Com o trabalho, a consciência humana deixa de ser uma mera adaptação ao meio ambiente e configura-se como uma atividade autogovernada. É um processo de uma contínua cadeia temporal que busca sempre novas alternativas. Pelo trabalho, o ser humano produz-se a si mesmo como gênero; pelo processo de autoatividade e autocontrole, salta da sua origem natural, baseada nos instintos, para uma produção e reprodução de si como gênero humano, dotado de autocontrole consciente, caminho imprescindível para a realização da liberdade.
            A humanização se dá coletivamente, no processo de produção social. O trabalho é uma matriz de humanização, onde a cultura se forma: formamo-nos como humanos na maneira como produzimos nossa existência. Portanto, as condições de trabalho devem ser estruturadas para que cada trabalhador atinja plena e dinamicamente sua humanização, consciente de que cada uma de suas ações é ação sobre o outro e sobre a comunidade a qual pertence.
            A primeira comunidade é a família. E o trabalho constitui o fundamento sobre o qual se edifica a vida familiar, é a condição que torna possível a fundação de uma família, uma vez que a família exige os meios de subsistência que a pessoa obtém mediante seu trabalho.
A família é ao mesmo tempo uma comunidade tornada possível pelo trabalho e a primeira escola de trabalho para todos e cada um dos seres humanos. A experiência cotidiana de união no interior da família enriquece o ser humano e o libera para além dele próprio: é na família que a pessoa tem ocasião de vivenciar as diversas dimensões que a constitui.
 A família é a comunidade de cuidados, em razão das necessidades que se prolongam por toda a vida. O amor nasce e cresce com esse cuidado, em uma realidade partilhada e séria. Sem tal realidade de intersubjetividade verdadeira as relações humanas correm o risco de tornarem-se patológicas.

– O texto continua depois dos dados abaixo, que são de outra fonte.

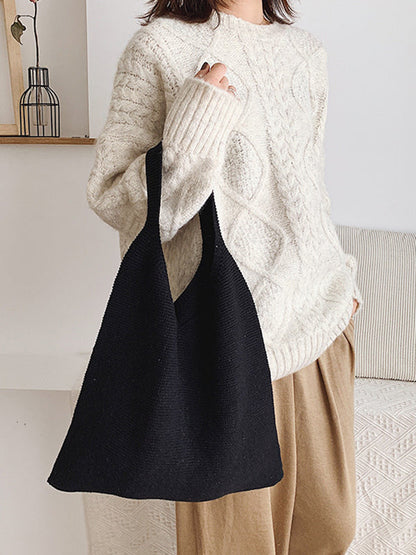 Beautifully Finished Bag in a Timeless Design
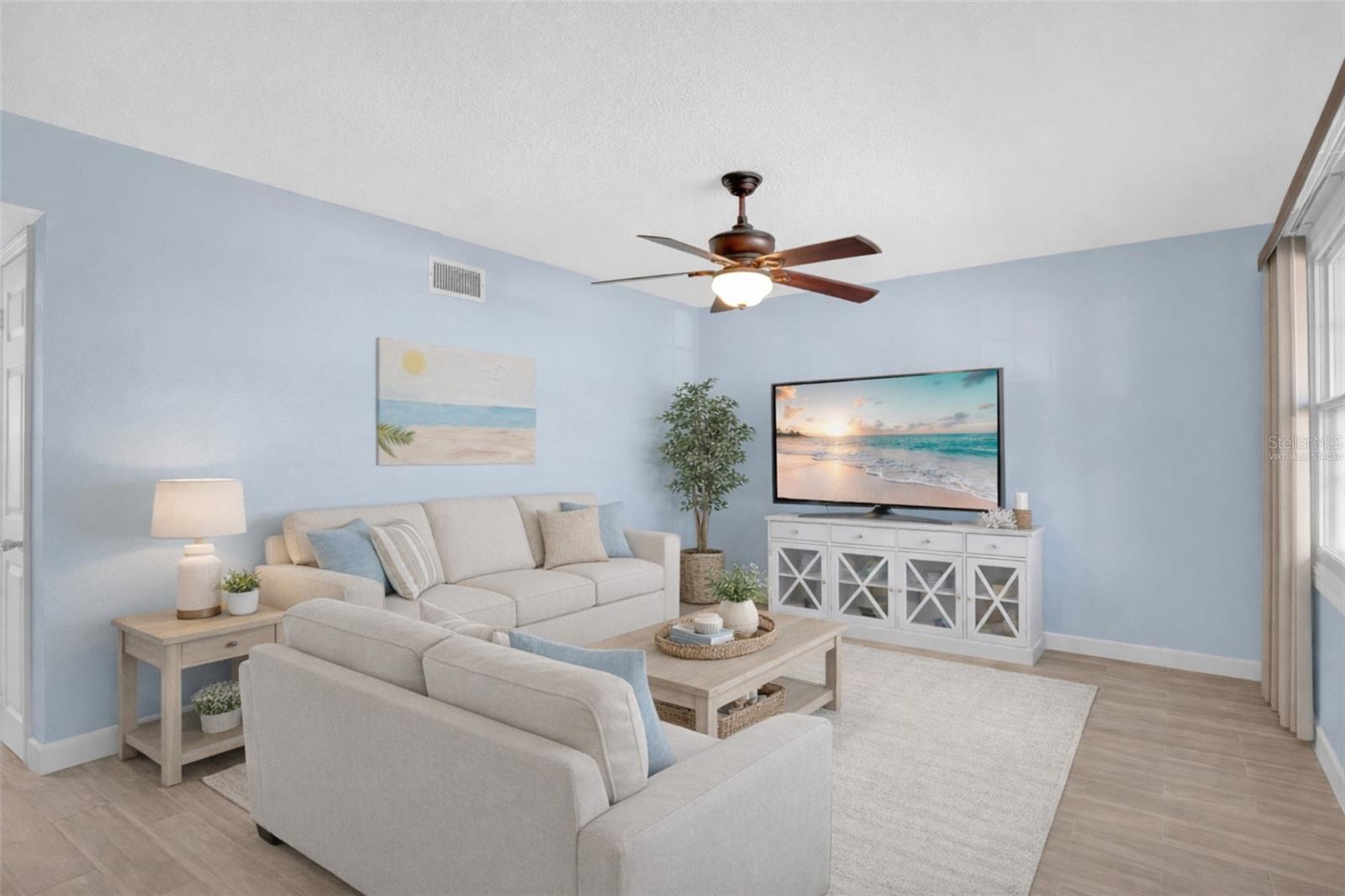 Image 7 of 25 For 5656 Royal Pine Boulevard 27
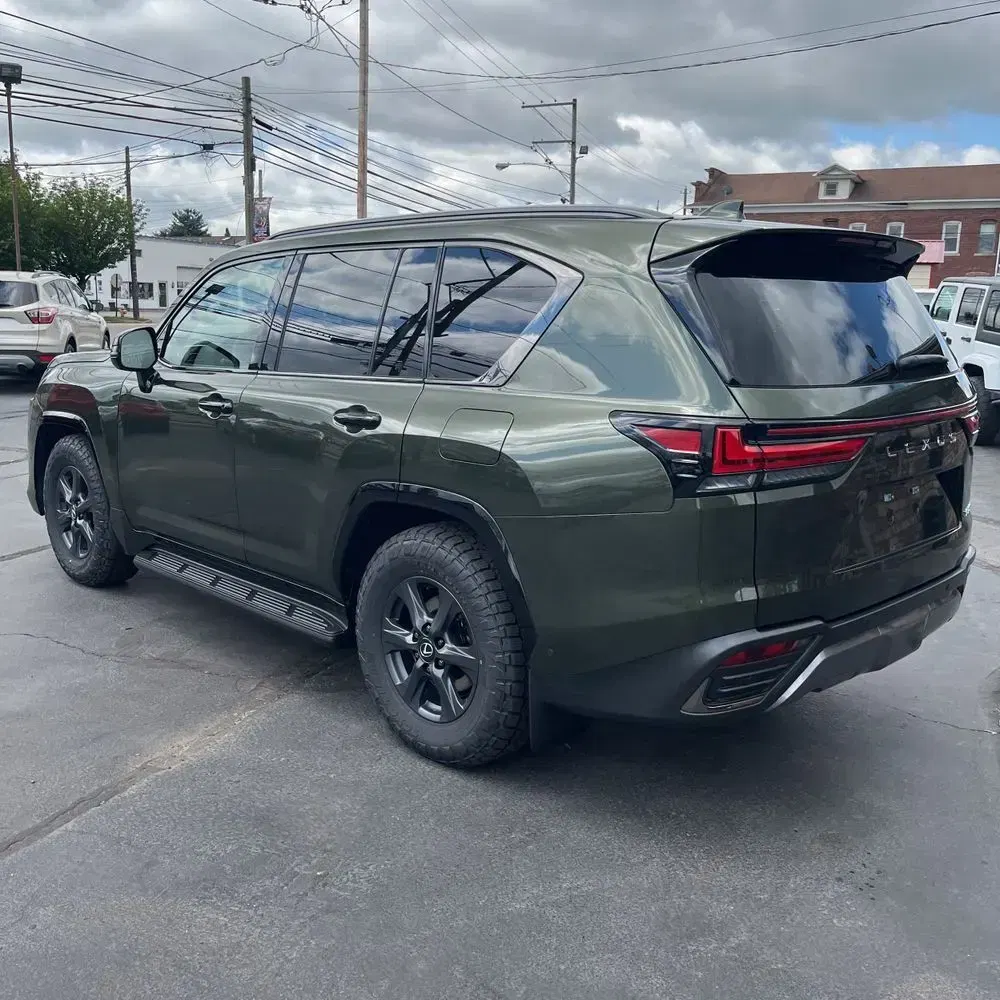 2025 Lexus LX 700h Overtrail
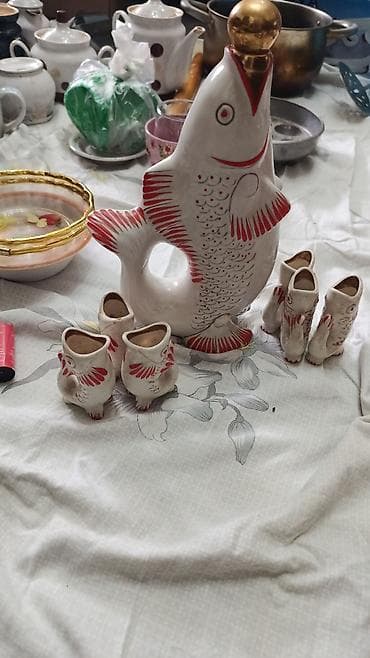 купить на кухню стол и стулья: Большой набор посуды и кухонной утвари. За все 5000 Состав (по фото) — 4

            Esta parece ser uma das questões centrais do século XXI: que mudanças se fazem necessárias para promover novas concepções e organizações de empresas, da economia e do mundo do trabalho que sejam capazes de promover o crescimento da personalidade humana, gerando novas estruturas da sociedade que desenvolvam e fortaleçam os vínculos de convivência social solidária, tornando possível à humanidade ser mais humana?
Afinal, a vida em sociedade não se reduz apenas à dimensão econômica. A vida comum não é apenas uma mercadoria, no sentido restrito que o capitalismo lhe atribui. A vida em sociedade é um bem, principalmente no sentido relacional, isto é, ético, um bem positivo, capaz de se contrapor ao mal e às situações de injustiça.
Como lembra o economista italiano, Luigino Bruni, um dos temas mais caros para as ciências sociais na atualidade trata-se da inclusão relacional de todas as pessoas e povos nas sociedades local e global, que se constrói a partir da solidariedade humana, tendo como base os valores fundamentais da liberdade, da igualdade, da justiça e da paz. O ser humano realiza-se não na solidão, mas nas relações interpessoais. E a solidariedade não é algo que se pode adquirir por decreto normativo; ao contrário, requer uma decisão gratuita de pessoas, grupos e instituições em sentirem-se responsáveis pelos outros.